Urgent-- Solved my problem. Please don't spend time on it

linux-raid.vger.kernel.org archive mirror
 help / color / mirror / Atom feed

* Urgent-- Solved my problem. Please don't spend time on it
@ 2004-03-06 19:58 AndyLiebman
  0 siblings, 0 replies; only message in thread
From: AndyLiebman @ 2004-03-06 19:58 UTC (permalink / raw)
  To: linux-raid; +Cc: neilb

Hi to all who may read this. 

I solved the problem I wrote in about yesterday and the two days before (see 
below). After a lot of worrying and nervousness, I realized that I had a new 
RAID (on a new server) that I could play with to simulate the problem that 
developed on my production machine. And as I had intentionally made it a very 
small RAID 5 array on the new server -- so that it would sync quickly and so that 
I could experiment -- I found the answer and the security that I was on the 
right track. When I repeated the same steps on my production machine, I found my 
data was still good! 

I WILL say that the mdadm manual could benefit from more information about the
'--run' option. In the manual, it's not clear exactly what it does. And 
because mdadm can give you an error message telling you to use '--run' to insist on 
starting an array, an inexperienced user like me with a RAID problem can 
worry a lot. So, I volunteer to write up a brief paragraph describing when one 
might want to use the '--run' option and what it does. I think it could save a 
lot of people a lot of worry and panic in the future. I'll send it to Neil Brown 
and if he thinks it's helpful he can include it in the manual. 
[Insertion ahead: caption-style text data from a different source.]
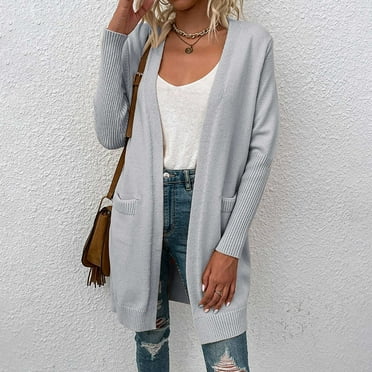 Women's Fall Basic solid color With Pocket Cardigan Sweater Elegant Soft Loose Cardigan Sweater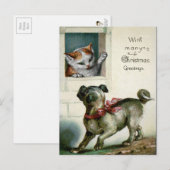 Victoriaans kerstkat en hond briefkaart (Voorkant / Achterkant)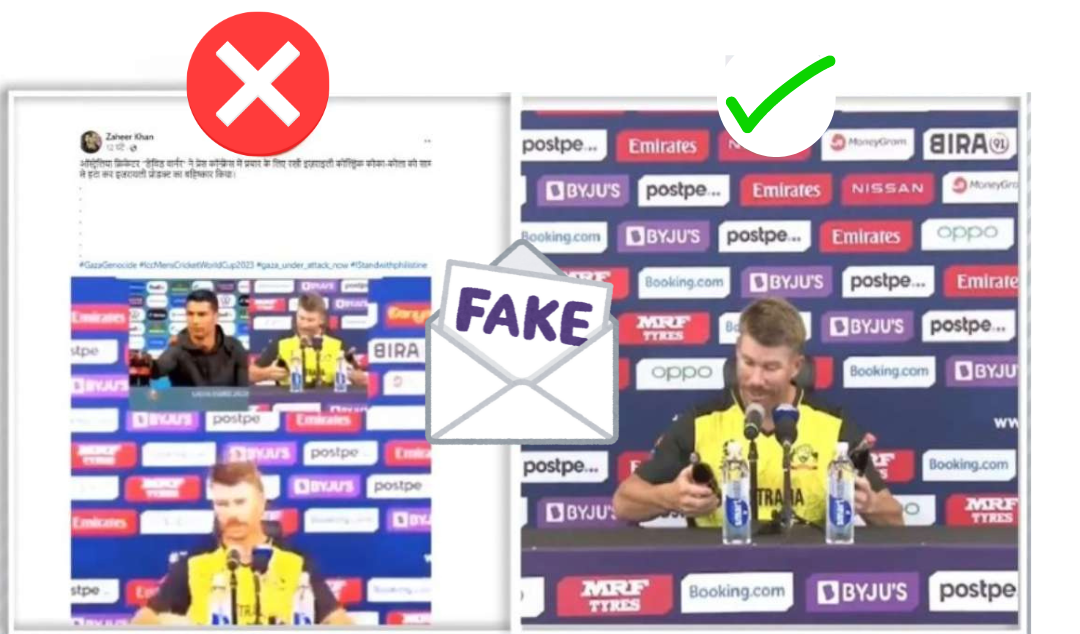 Did David Warner remove Coca-Cola bottle in support of Palestine?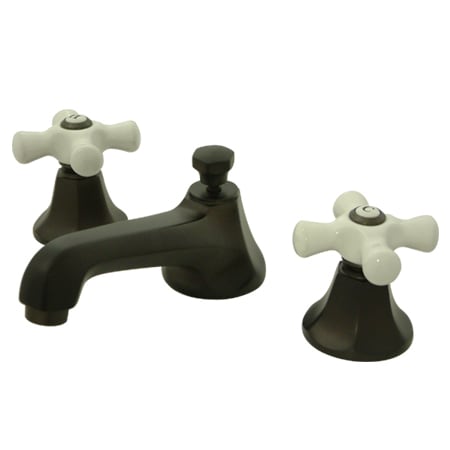 Elements Of Design Double Handle 8" to 16" Widespread Bathroom Faucet with Porcelain Cross Handles and Drain Assembly from the New York Collection Oil Rubbed Bronze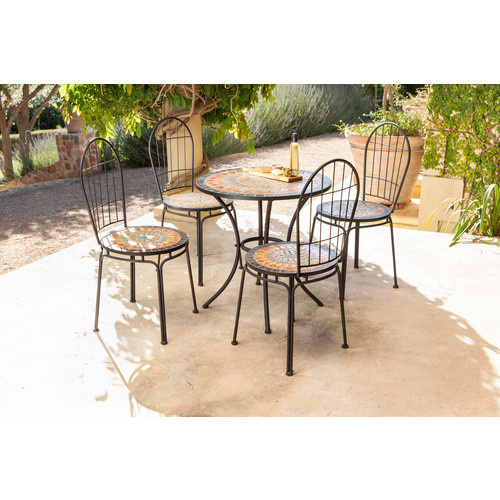 Siena Garden Stapelstuhl Prato aus Stahl und Keramik in Schwarz Mosaik, B/T/H: 43 x 43 x 94 cm - Bild 2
I hope somebody else does the same for the '--force' option. That's another 
one that could really use further explanation. 
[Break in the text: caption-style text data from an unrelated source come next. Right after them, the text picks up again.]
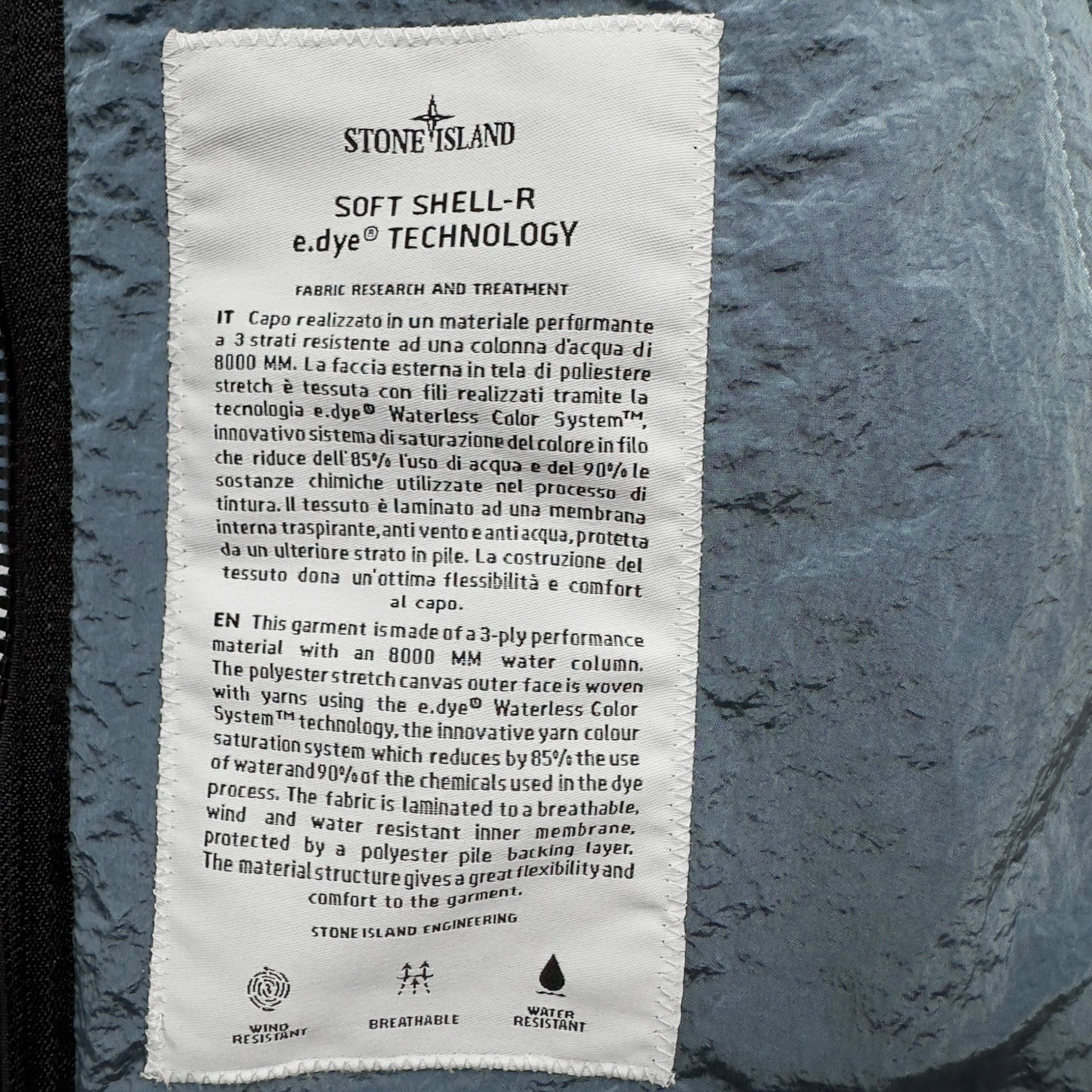 A/W 22 Stone Island Soft Shell R e.dye Jacket - Blue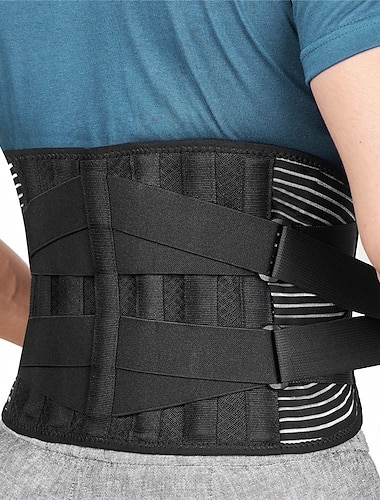  Ryggstöd för lindring av smärta i nedre delen av ryggen - ländryggsstödsbälte med stöd för män &kvinnor - justerbart midjestöd för ischias, diskbråck, arbete, gym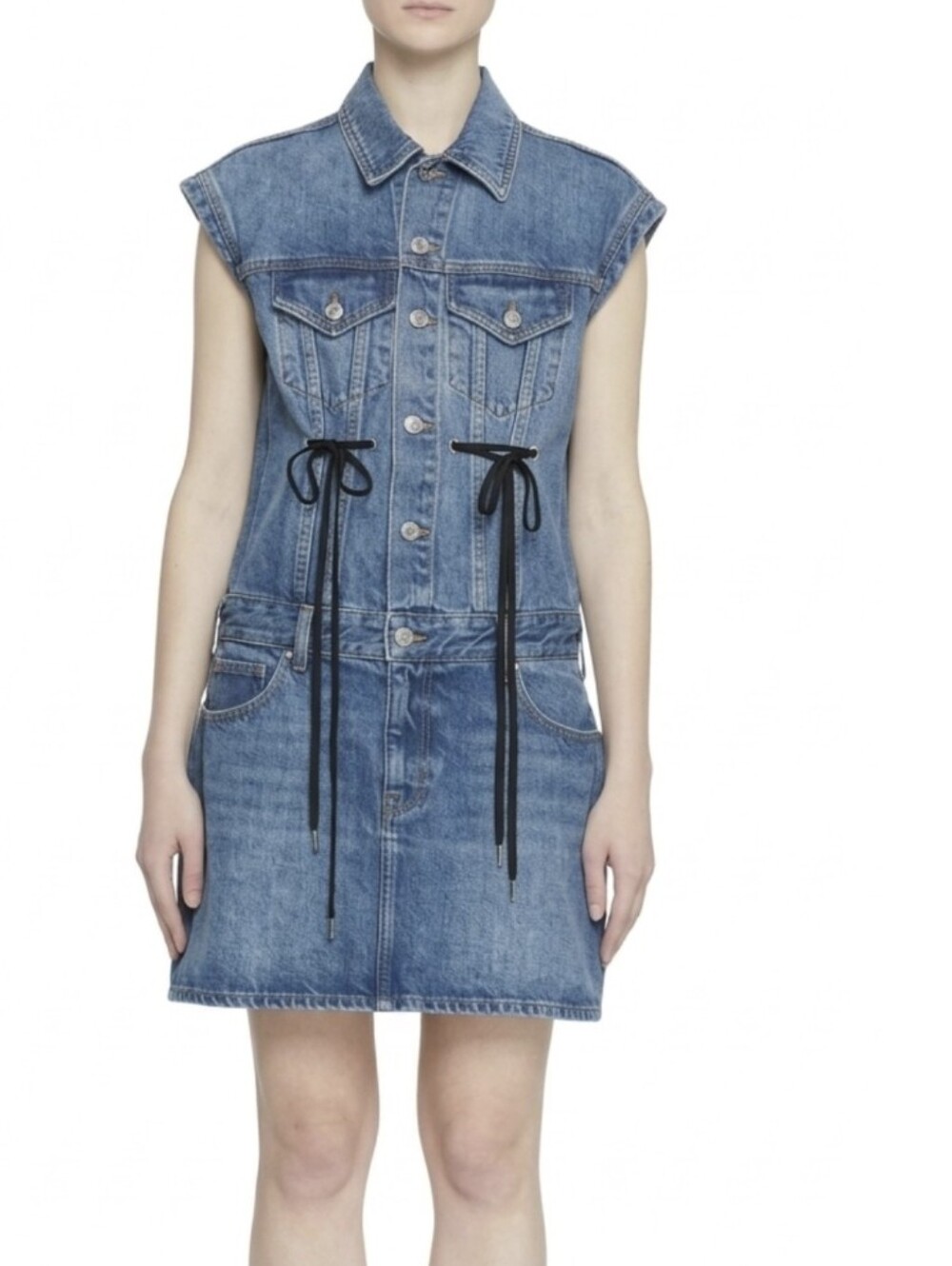 Proenza Schouler PSWL Denim Drawstring Tie Dress Size S Made in USA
Otherwise, I'm enchanted with mdadm. It's an amazingly user-friendly program. 

I also want to say that I'm having great success with the 2.6.3 kernel and 
RAID. As I'm using firewire drives (getting i/o in the range of 85 MB/sec), the 
2.6.3 kernel is particularly handy because it gives much more useful 
information with 'cat /proc/mdstat' that is helpful for figuring out the device ID of 
any drive that's causing problems. With the 2.4 kernel (and presumably earlier 
ones) mdstat referred to PCI slot numbers and the like and it was a bit of a 
challenge to figure out what device ID went with what drive and array. But with 
the 2.6 kernel I'm finding that mdstat lists the current device id's. Of 
course, the device ids can change from one boot to the next, but at least you know 
what id a drive currently has. I'll write more on that later too.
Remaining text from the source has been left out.